A desire to discourage student drug use among students is justification for suspicionless drug screening of student-athletes, parking-permit holders, and participants in extracurricular activities, the Pennsylvania Supreme Court has ruled. The Associated Press says the decision means that a lawsuit by sisters who attended school in Delaware County can go forward.
The sisters’ attorney says the ruling gives Pennsylvania students privacy rights beyond the limits of a U.S. Supreme Court case last year that upheld random testing of students in an Oklahoma school district’s extracurricular activities. “What the Pennsylvania court did is [it] said, ‘Well, the Pennsylvania Constitution does recognize the privacy right.’ That is, it affords the students [a] broader right of privacy than the U.S. Supreme Court held,” said lawyer Robert N. Isseks.

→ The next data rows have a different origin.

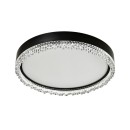 Zuma Line 003064-027928 LED Deckenleuchte REGI integrierte LED-Quelle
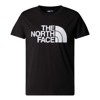Tričko the north face EASY SS TEE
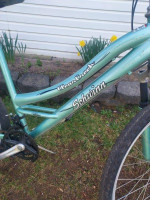 Bike For Sale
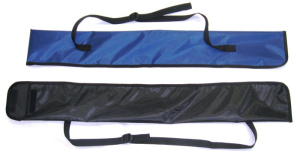 Удобный чехол для складных палок для скандинавской ходьбы Радость Терра 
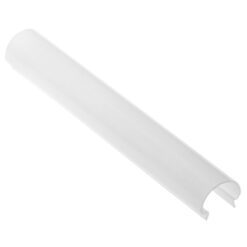 Priedas LED profiliui GTV GLAX PA-OSMLGLAXMO-00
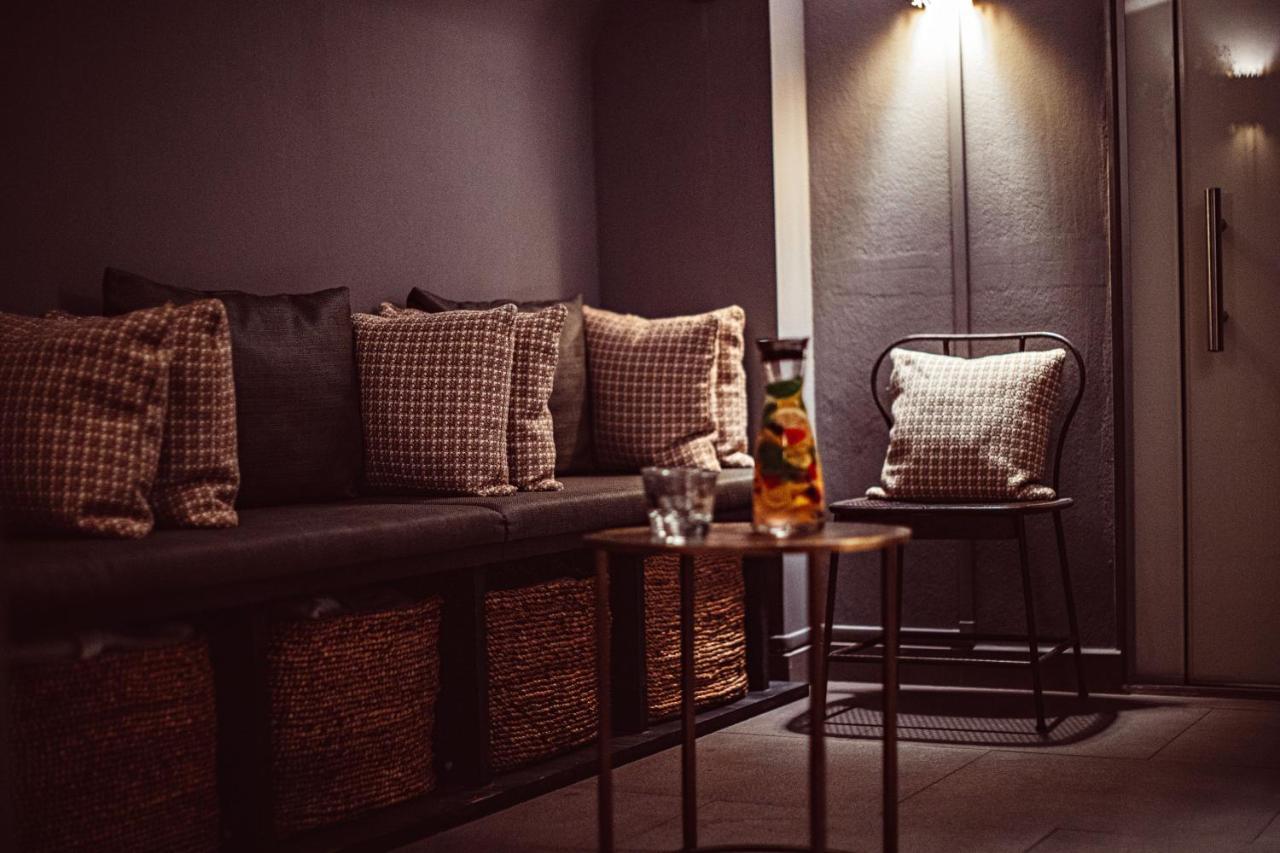 Hotel Monsieur Cadet Hotel&spa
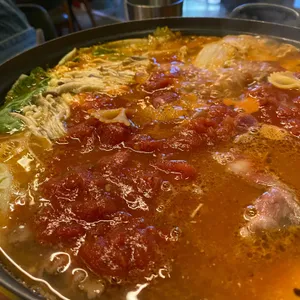 화나베 사진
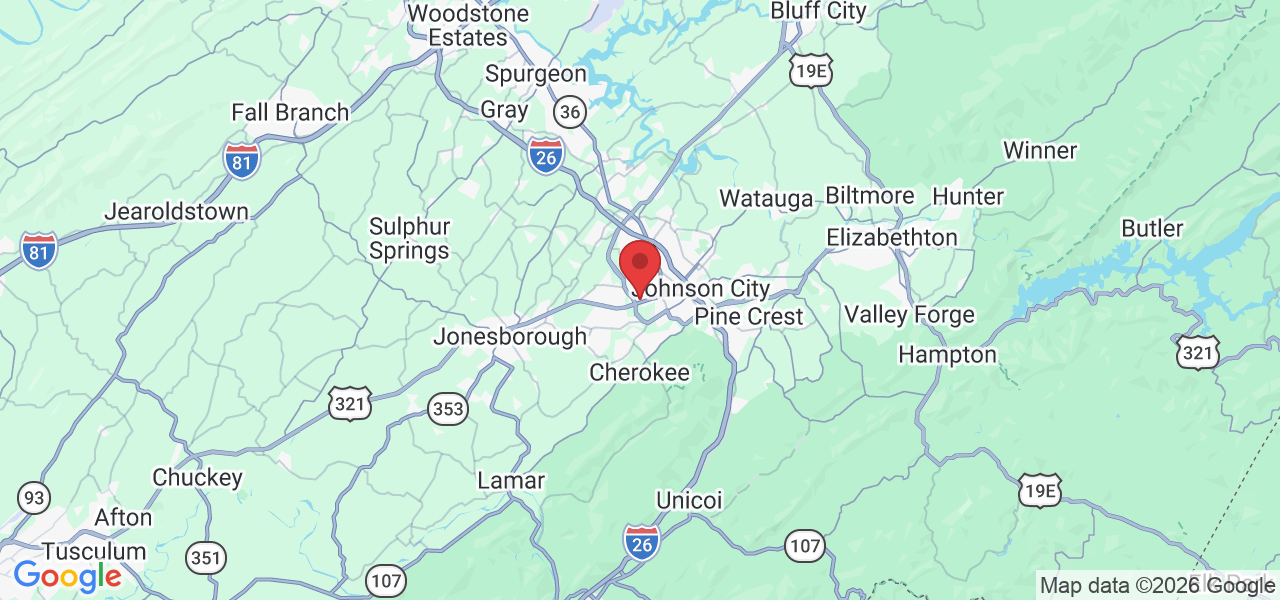 1604 Lamons Ln #202, Johnson City, TN 37604, USA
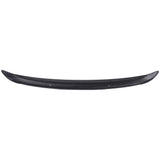 Noble STI Style Mod 1 High Back Paint Matched Duckbill Spoiler Subaru WRX 22-24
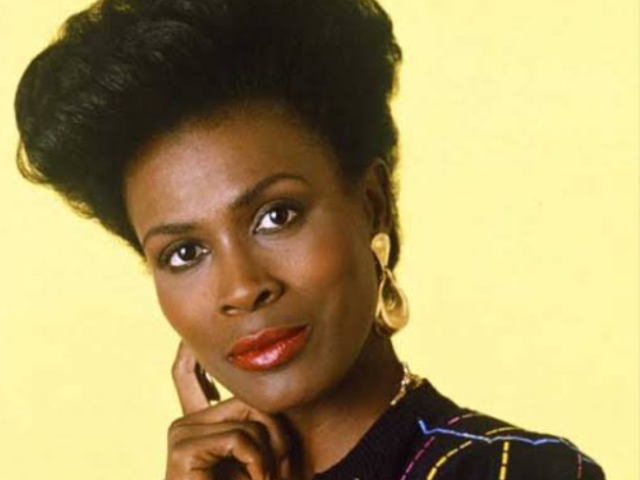 Vivian Banks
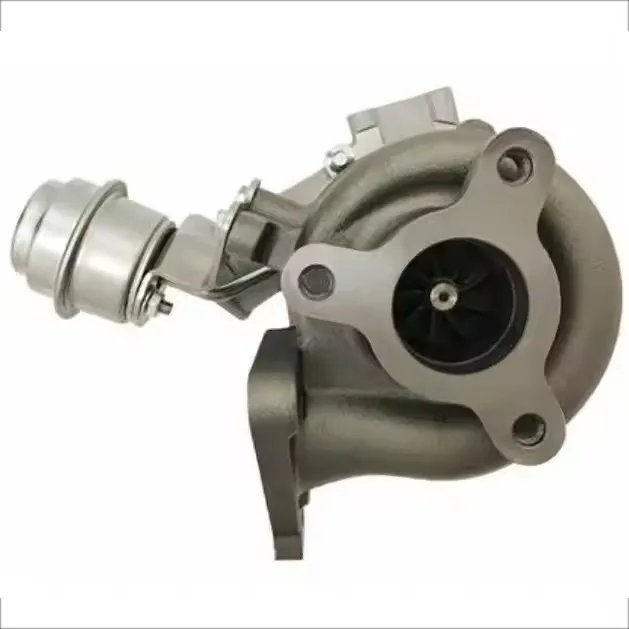 GT1849V 860050 860098 турбо 717625-0001 717625 717625-5001S 24418170 Y22DTR турбонагнетатель для Opel Astra Saab 9-3 2.2L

The Supreme Court’s majority opinion said the Delaware Valley School District did not prove that its students have a drug problem or how the testing policy addressed whatever problem might exist.
“The theory apparently is that, even in the absence of any suspicion of drug or alcohol abuse, it is appropriate to single these students out and say, in effect: ‘Choose one: your Pennsylvania constitutional right to privacy or the chess club,’ ” Justice Ronald D. Castille said.
The sisters, Kimberly and Jennifer Theodore, were tested because Jennifer belonged to the National Honor Society and academic clubs and Kimberly played several sports and sought a parking permit.